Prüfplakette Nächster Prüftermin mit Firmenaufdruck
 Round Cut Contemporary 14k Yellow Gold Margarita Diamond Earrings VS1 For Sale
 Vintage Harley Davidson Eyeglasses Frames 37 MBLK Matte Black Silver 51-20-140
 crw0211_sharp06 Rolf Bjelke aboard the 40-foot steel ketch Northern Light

*What the task requires*
Repeat the line containing "Round Cut Contemporary" and all subsequent lines through the final line of the data, exactly and with no others.

*Reply*
 Round Cut Contemporary 14k Yellow Gold Margarita Diamond Earrings VS1 For Sale
 Vintage Harley Davidson Eyeglasses Frames 37 MBLK Matte Black Silver 51-20-140
 crw0211_sharp06 Rolf Bjelke aboard the 40-foot steel ketch Northern Light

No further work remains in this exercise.